***** TASK INPUTS *****

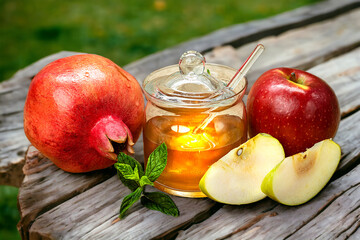 Rosh Hashanah. Pomegranate, apple and honey, traditional food for Jewish New Year celebration.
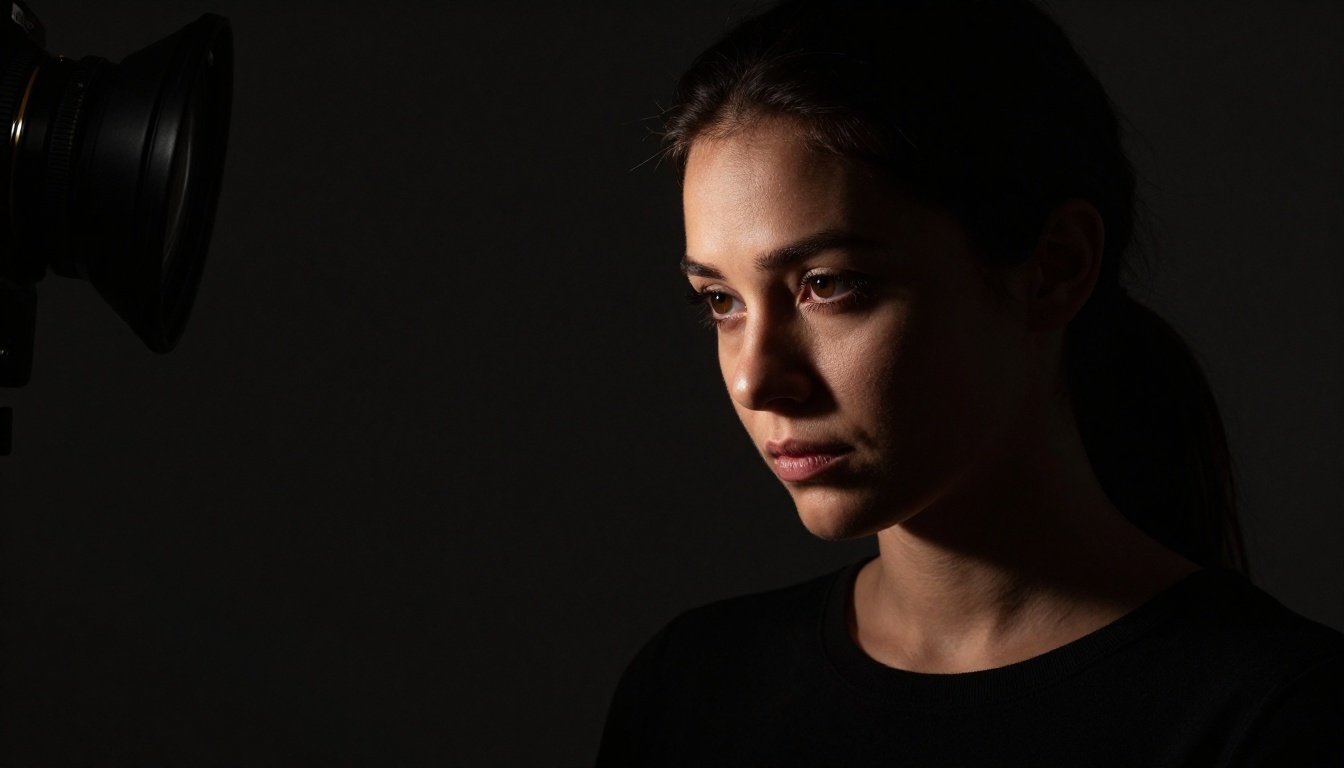 Dramatic chiaroscuro studio portrait with deep shadow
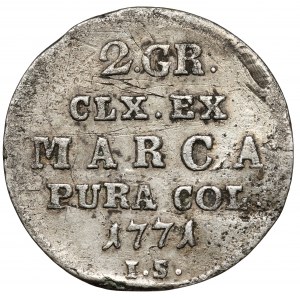 Poniatowski, Półzłotek 1771 IS - 8 listków - rzadki rok
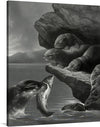 "Little Otters" is a print that transports us to the year 1877 and immerses us in the fascinating world of these charming animals. The picture shows some playful, tiny, salmon-colored otters having fun in their natural environment. Their elegant motions and sly looks are expertly captured, inspiring awe and delight. 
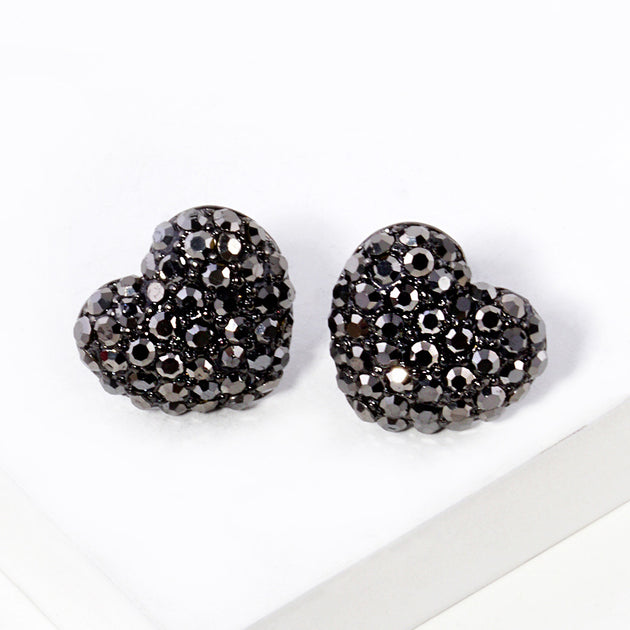 FASHNZFAB Crystal Pave Heart Stud Earrings Purple 5
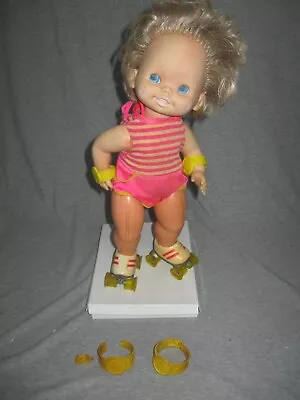 Vintage 1982 Baby Skates Doll 15   Wind Up Roller Skating Doll Mattel See Video • $5.99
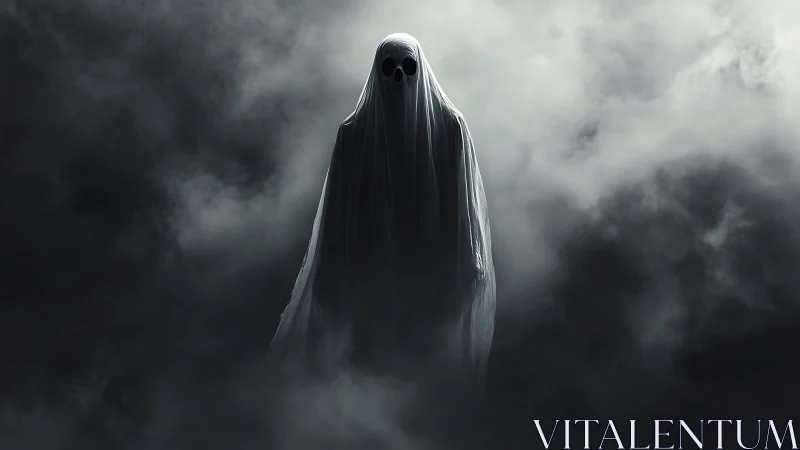 Shrouded ghostly figure emerging within stormy swirling fog.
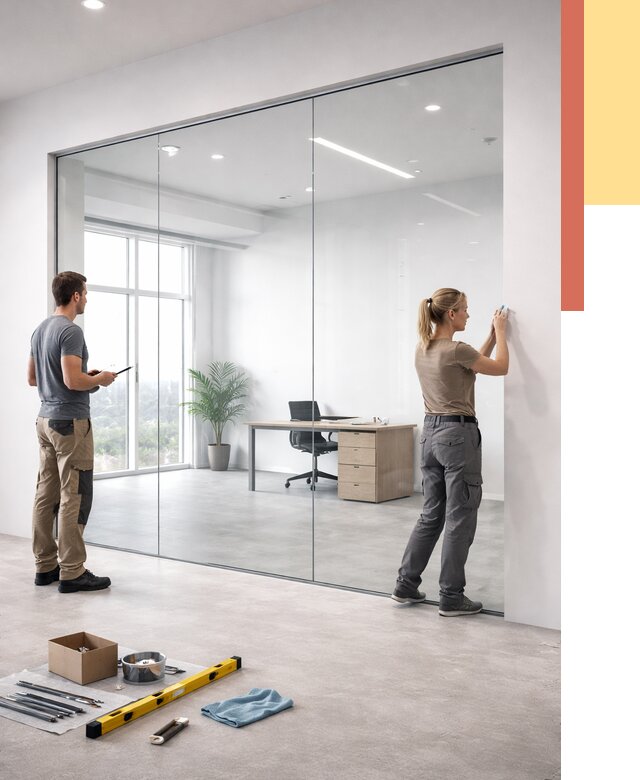 Перегородки из закаленного стекла в Люберцах от 9995 руб. под ключ | ОТДЕЛОЧНИК-Люб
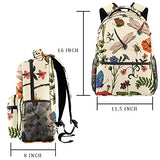 LORVIES Summer Plants Flowers Butterflies Dragonflies Beetles Pattern Lightweight School Classic Backpack Travel Rucksack for Girls Women Kids Teens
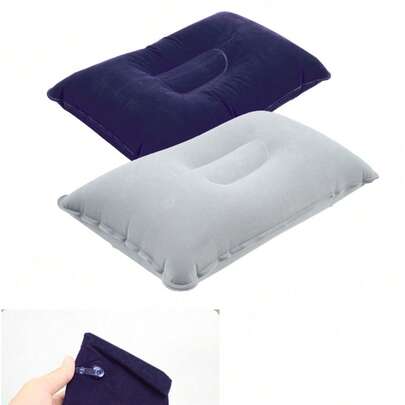 1件/2件户外便携式PVC植绒充气枕，露营睡袋枕头，午睡枕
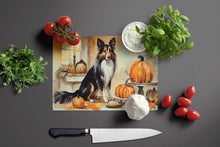 Load image into Gallery viewer, Collie Fall Kitchen Pumpkins Glass Cutting Boards – Durable, Decorative Kitchen Art Large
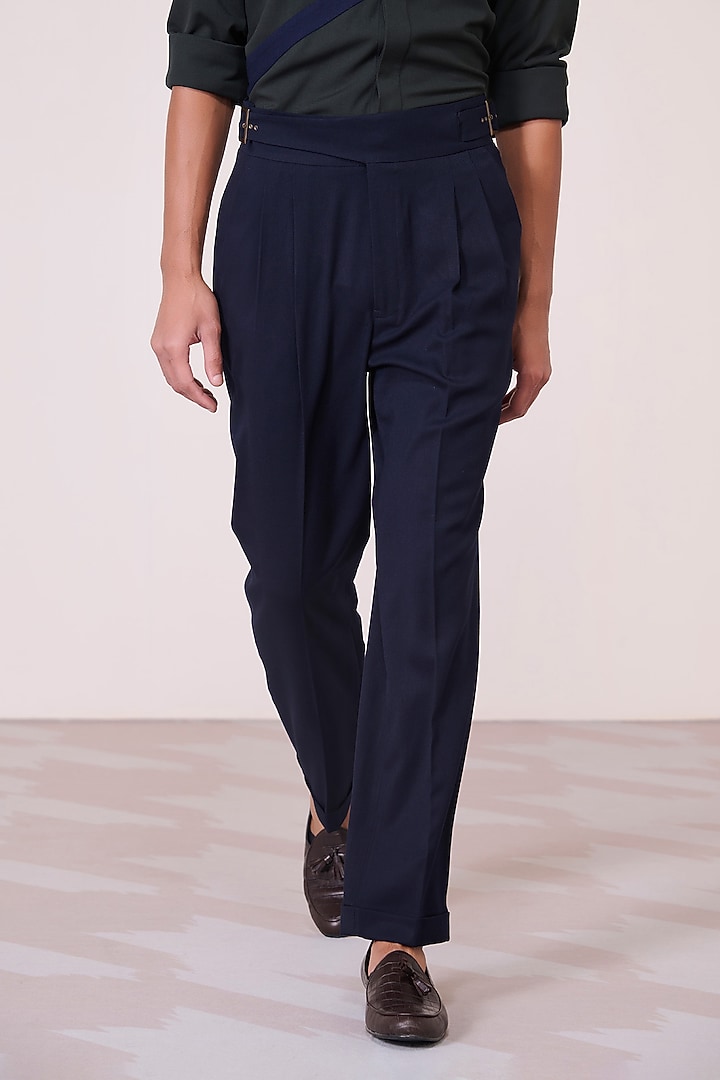 Navy Poly Blend Viscose Lycra High-Waisted Trousers by S&N by Shantnu Nikhil Men at Pernia's Pop Up Shop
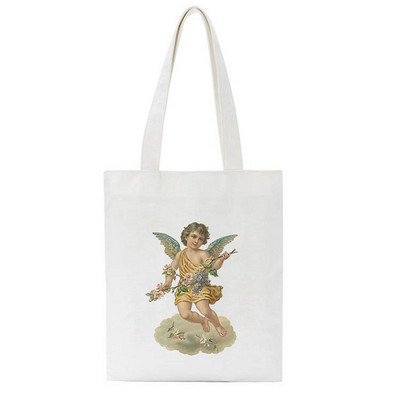 Korea Angel Cartoon Vintage Tote Shopping Μεγάλης χωρητικότητας Funny Harajuku Fiorucci Shoulder Canvas Canvas Τσάντες Kawaii Γυναικείες τσάντες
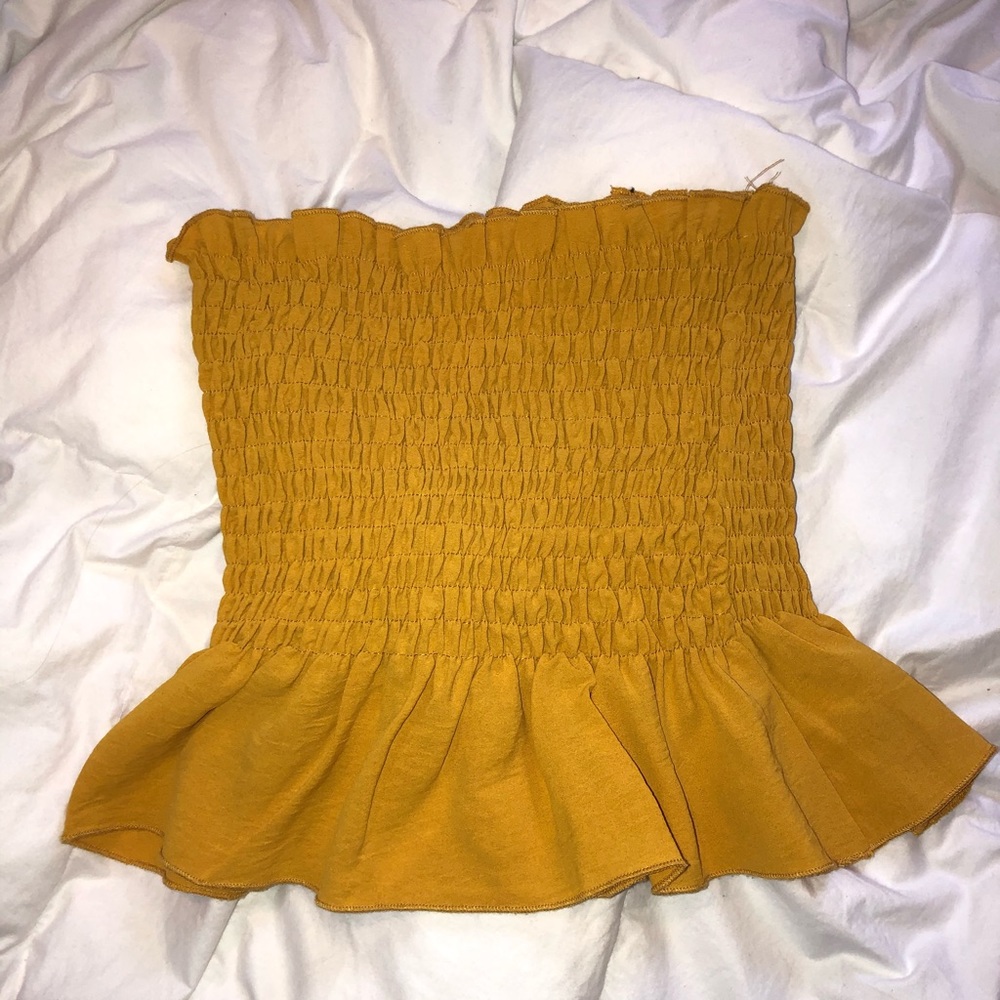 Yellow ruffled tube top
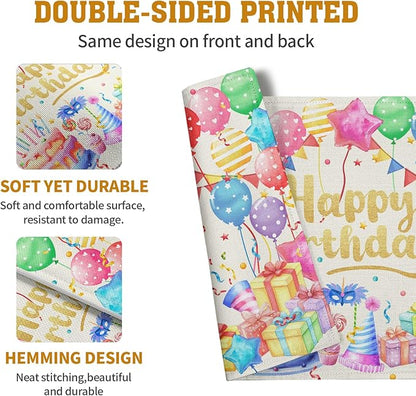 Happy Birthday Placemats Set of 4 Colorful Balloons Confetti Cake Linen Table - Image 5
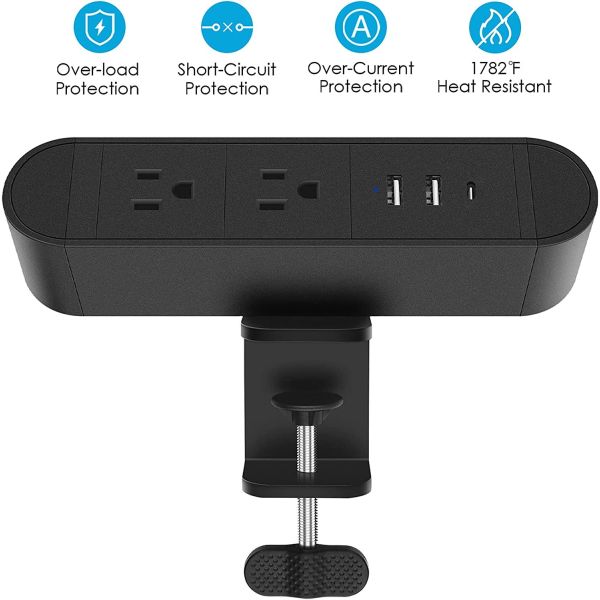 ROHS Aluminum Desk Clamp Power Outlet Center 20W 45mm 125V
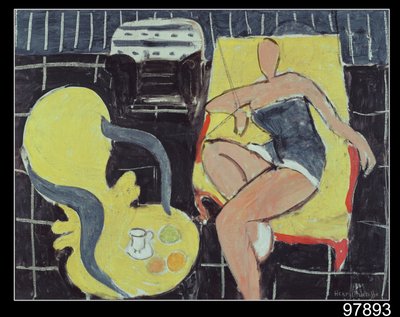 Dansare och Rocaillefåtölj mot svart bakgrund av Henri Matisse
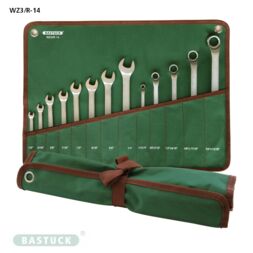 BASTUCK Classic: WZ3/R-14, Kombischlüsselsatz 13-Teilig mit „Vintage Britisch Racing Green“ Werkzeugrolle (Ringgabelschlüssel von 1/4“ bis 3/4“, Ringschlüssel von 1/4“ bis 13/16“)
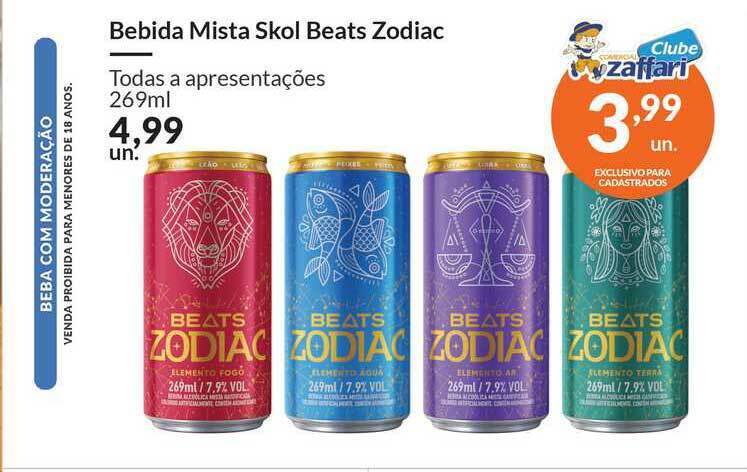 Bebida Mista Skol Beats Zodiac 269ml oferta na Zaffari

*****

(TO DO)
Look above for the line with "Navy Poly Blend", then print it and each line after it down to and including the line with "Dansare och Rocaillefåtölj". Leave out the pictures and keep the wording exact.

(TASK SOLUTION)
 Navy Poly Blend Viscose Lycra High-Waisted Trousers by S&N by Shantnu Nikhil Men at Pernia's Pop Up Shop
 Korea Angel Cartoon Vintage Tote Shopping Μεγάλης χωρητικότητας Funny Harajuku Fiorucci Shoulder Canvas Canvas Τσάντες Kawaii Γυναικείες τσάντες
 Yellow ruffled tube top
 Happy Birthday Placemats Set of 4 Colorful Balloons Confetti Cake Linen Table - Image 5
 ROHS Aluminum Desk Clamp Power Outlet Center 20W 45mm 125V
 Dansare och Rocaillefåtölj mot svart bakgrund av Henri Matisse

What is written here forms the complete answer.